PROBLEM DESCRIPTION — Within the records below is a range that opens at the line with "More Photos Of 21515" and closes at the line with "Foto del edificio - 14907 Moorpark St". Return that range word for word, both ends included, and only that range.
(EXERCISE INPUT begins)
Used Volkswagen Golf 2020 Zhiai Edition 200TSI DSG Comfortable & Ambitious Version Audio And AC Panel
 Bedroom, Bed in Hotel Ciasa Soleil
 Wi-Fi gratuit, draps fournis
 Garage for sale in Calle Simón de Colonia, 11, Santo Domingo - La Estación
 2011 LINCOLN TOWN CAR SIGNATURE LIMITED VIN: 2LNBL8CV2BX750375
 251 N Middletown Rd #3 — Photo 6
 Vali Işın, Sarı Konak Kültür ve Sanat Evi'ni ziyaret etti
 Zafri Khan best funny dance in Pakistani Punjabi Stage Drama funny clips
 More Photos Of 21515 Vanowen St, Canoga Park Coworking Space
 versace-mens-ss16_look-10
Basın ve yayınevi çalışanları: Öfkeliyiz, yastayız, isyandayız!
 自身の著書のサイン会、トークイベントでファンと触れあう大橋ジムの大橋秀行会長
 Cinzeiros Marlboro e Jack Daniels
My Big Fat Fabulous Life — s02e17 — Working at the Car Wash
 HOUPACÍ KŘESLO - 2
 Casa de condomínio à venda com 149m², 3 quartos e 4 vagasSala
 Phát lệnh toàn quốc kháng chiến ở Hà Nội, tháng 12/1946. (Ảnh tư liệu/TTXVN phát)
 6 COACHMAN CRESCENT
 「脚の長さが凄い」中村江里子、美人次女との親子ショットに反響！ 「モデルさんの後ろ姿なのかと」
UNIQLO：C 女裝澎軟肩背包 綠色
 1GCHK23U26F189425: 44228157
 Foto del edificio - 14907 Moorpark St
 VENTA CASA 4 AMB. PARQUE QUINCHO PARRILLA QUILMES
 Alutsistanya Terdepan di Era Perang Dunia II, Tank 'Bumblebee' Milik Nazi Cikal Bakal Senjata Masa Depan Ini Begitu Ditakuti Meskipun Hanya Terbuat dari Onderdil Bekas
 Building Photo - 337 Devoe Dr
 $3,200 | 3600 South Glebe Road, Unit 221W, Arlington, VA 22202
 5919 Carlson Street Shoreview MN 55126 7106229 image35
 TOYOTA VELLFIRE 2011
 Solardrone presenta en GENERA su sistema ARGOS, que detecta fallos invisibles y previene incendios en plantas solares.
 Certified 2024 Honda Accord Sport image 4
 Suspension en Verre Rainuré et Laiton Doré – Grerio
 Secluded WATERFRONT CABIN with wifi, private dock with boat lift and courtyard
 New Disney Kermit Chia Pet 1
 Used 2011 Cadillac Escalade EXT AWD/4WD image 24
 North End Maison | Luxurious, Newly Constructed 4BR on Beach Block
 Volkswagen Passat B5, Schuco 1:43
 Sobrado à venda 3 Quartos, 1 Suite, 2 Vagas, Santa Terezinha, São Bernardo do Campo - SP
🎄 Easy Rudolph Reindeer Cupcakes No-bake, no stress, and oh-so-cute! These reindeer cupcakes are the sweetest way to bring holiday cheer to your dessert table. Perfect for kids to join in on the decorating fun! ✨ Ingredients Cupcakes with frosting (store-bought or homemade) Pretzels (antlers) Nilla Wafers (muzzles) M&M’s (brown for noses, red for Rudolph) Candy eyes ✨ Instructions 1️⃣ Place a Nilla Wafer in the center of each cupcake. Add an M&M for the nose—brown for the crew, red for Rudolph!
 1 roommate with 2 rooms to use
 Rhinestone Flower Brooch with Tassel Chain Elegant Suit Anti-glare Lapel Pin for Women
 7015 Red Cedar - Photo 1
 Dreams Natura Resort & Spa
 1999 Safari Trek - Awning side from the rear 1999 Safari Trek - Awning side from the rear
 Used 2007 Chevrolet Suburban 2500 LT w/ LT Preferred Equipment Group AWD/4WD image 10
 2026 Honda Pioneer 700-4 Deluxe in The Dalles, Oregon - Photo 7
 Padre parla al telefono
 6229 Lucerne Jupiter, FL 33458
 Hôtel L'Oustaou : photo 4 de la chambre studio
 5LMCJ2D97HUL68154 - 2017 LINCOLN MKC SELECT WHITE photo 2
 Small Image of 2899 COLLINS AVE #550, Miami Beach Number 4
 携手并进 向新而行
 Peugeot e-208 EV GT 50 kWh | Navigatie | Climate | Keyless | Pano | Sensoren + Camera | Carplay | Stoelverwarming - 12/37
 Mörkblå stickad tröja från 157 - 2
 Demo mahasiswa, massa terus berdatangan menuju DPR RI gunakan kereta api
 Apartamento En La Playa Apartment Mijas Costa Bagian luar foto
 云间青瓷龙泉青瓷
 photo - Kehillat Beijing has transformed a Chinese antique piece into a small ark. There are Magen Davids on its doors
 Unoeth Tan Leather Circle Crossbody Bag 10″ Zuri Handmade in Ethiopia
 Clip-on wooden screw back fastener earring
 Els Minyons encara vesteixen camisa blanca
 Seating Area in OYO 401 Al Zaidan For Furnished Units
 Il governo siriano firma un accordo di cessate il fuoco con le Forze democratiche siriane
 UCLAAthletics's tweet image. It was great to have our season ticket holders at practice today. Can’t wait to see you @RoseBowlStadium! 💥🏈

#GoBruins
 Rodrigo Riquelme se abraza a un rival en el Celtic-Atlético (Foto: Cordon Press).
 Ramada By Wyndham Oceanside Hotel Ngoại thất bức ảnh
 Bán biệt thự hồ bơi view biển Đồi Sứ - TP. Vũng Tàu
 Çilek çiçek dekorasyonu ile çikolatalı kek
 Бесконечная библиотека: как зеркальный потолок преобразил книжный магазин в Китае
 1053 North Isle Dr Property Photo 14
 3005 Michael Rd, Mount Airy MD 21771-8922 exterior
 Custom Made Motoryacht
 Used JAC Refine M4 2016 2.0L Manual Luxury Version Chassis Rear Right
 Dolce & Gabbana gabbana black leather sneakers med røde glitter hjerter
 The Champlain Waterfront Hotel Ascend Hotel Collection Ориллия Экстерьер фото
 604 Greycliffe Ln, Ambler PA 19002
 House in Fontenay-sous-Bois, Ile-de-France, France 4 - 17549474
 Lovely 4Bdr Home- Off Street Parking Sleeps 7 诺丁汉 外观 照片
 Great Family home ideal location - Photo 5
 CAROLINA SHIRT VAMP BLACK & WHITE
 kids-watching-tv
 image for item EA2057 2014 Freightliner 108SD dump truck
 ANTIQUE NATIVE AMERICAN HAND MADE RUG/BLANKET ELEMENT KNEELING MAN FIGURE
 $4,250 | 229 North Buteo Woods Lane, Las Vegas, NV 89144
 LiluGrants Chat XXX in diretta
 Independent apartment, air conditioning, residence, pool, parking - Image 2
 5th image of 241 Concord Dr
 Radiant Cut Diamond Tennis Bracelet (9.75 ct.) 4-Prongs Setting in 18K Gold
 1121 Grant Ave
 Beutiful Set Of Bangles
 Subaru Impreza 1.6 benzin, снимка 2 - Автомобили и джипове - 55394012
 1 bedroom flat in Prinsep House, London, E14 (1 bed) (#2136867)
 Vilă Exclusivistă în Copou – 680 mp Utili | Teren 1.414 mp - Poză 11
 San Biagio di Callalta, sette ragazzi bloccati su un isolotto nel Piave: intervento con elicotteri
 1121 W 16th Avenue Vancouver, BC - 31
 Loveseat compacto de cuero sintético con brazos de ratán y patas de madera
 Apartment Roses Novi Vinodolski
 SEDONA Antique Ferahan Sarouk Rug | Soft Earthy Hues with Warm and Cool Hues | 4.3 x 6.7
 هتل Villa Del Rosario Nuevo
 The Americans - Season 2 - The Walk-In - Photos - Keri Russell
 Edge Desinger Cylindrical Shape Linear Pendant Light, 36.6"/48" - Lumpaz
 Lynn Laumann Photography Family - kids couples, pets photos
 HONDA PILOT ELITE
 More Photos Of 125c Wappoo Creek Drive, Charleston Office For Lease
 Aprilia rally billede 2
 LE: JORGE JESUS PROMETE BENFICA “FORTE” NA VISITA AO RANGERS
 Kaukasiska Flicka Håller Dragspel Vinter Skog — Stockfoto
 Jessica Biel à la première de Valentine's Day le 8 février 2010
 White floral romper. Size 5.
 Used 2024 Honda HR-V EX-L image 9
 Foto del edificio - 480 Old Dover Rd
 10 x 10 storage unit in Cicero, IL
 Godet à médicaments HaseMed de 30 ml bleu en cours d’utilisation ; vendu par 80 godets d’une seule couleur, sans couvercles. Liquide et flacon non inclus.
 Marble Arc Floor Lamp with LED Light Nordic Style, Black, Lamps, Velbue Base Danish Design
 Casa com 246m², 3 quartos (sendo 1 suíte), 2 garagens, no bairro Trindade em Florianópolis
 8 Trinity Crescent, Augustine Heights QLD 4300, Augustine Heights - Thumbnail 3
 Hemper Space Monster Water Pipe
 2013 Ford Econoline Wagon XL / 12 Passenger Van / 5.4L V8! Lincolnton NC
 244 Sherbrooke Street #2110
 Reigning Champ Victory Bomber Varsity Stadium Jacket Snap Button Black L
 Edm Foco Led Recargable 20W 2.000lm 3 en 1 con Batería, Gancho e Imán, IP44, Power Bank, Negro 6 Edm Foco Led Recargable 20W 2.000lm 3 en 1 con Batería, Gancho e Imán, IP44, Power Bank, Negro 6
(EXERCISE INPUT ends)
SOLVED PROBLEM —
 More Photos Of 21515 Vanowen St, Canoga Park Coworking Space
 versace-mens-ss16_look-10
Basın ve yayınevi çalışanları: Öfkeliyiz, yastayız, isyandayız!
 自身の著書のサイン会、トークイベントでファンと触れあう大橋ジムの大橋秀行会長
 Cinzeiros Marlboro e Jack Daniels
My Big Fat Fabulous Life — s02e17 — Working at the Car Wash
 HOUPACÍ KŘESLO - 2
 Casa de condomínio à venda com 149m², 3 quartos e 4 vagasSala
 Phát lệnh toàn quốc kháng chiến ở Hà Nội, tháng 12/1946. (Ảnh tư liệu/TTXVN phát)
 6 COACHMAN CRESCENT
 「脚の長さが凄い」中村江里子、美人次女との親子ショットに反響！ 「モデルさんの後ろ姿なのかと」
UNIQLO：C 女裝澎軟肩背包 綠色
 1GCHK23U26F189425: 44228157
 Foto del edificio - 14907 Moorpark St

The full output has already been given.